It's 7-2, bottom of the 8th inning with the Red Sox on top as I type.
Playing in that monstrosity known as The Trop, which has been a house of horrors for the Sox lately hasn't seemed to bother the fellas, and Crabby went 6 innings and gave up only the 2 runs. This, my friends, is huge; considering the Red Sox had resembled that team that got waxed every time out by the Harlem Globetrotters every time they went to Tampa, the fact they put on their big boy pants and came out swinging was a sight for sore eyes.
Sure, Oki has allowed the first two batters he's faced to reach base; why not?
Billy Wagner looked like Goose Gossage in the 7th, albeit with more facial hair and a demented look in his eye last seen in "Deliverance", but still; dude was lights out.
Barring some unforeseen and ted turns to heroin inducing comeback, the Sox roll into tomorrow one more game ahead in the Wild Card race.
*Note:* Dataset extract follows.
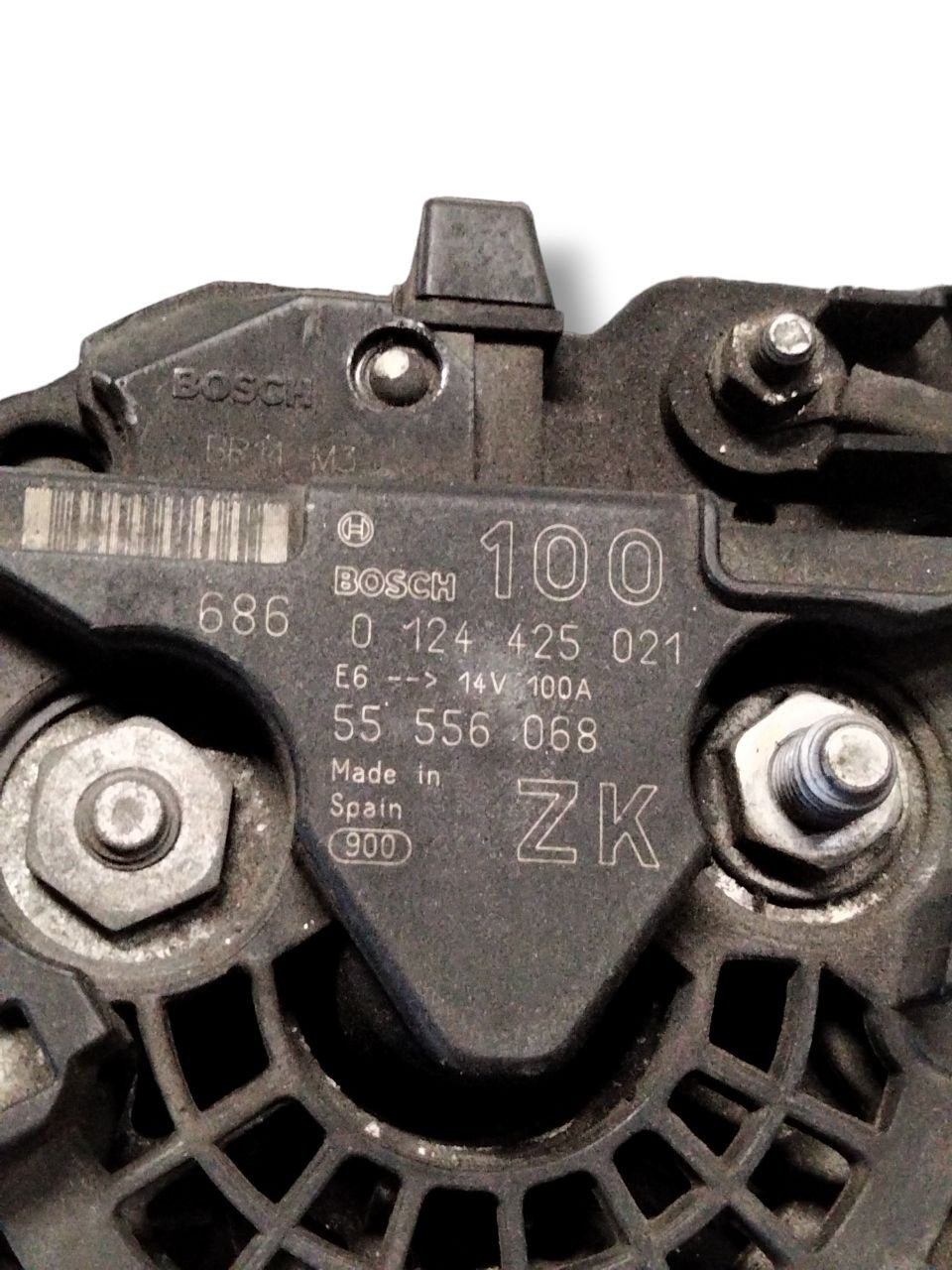 Alternatore Opel Corsa 1.2 Benzina (2000 - 2006) cod.0124425021 - 55556068 - F&P CRASH SRLS - Ricambi Usati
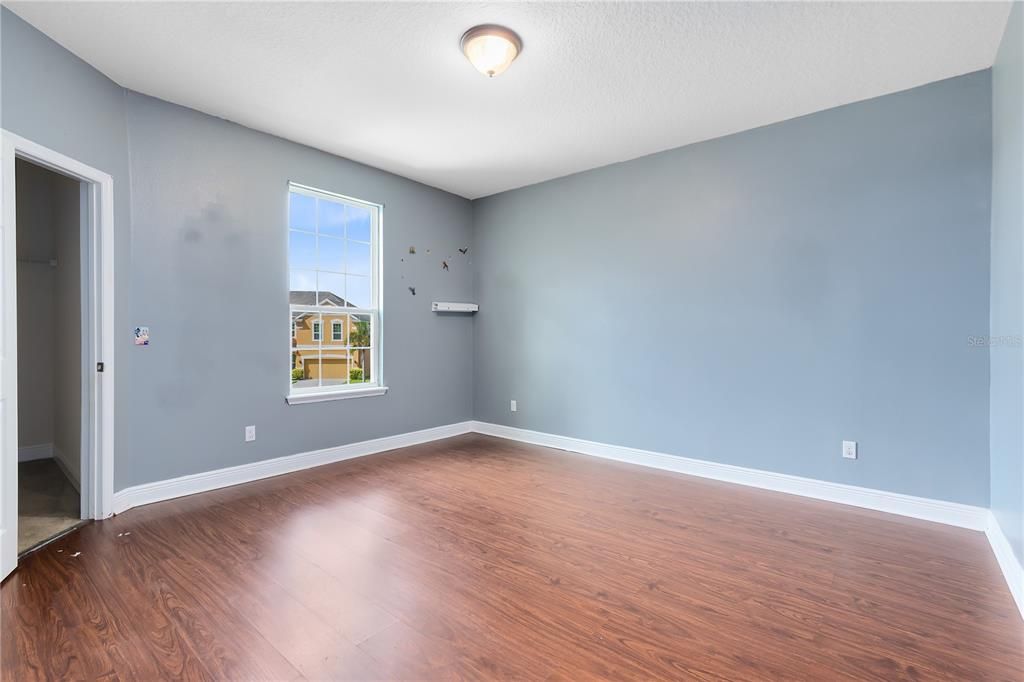 Upstairs Bedroom 4 w/ Walk in Closet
And while I'm not conceding the AL East just yet, I've got one eye on the Wild Card just in case.
On the home front, after one full week at school, Rakes had to move his card to yellow. For those of you without kids, his kindergarten class operates on the stop light method. Green = Good, Yellow = not so good, and Red = we're calling your parents and you are SO grounded.
Today? He got a yellow for talking in the hall.
Frankly, I'm amazed he wasn't sitting on Red after 30 minutes on the first day.
Sometimes they really do surprise you.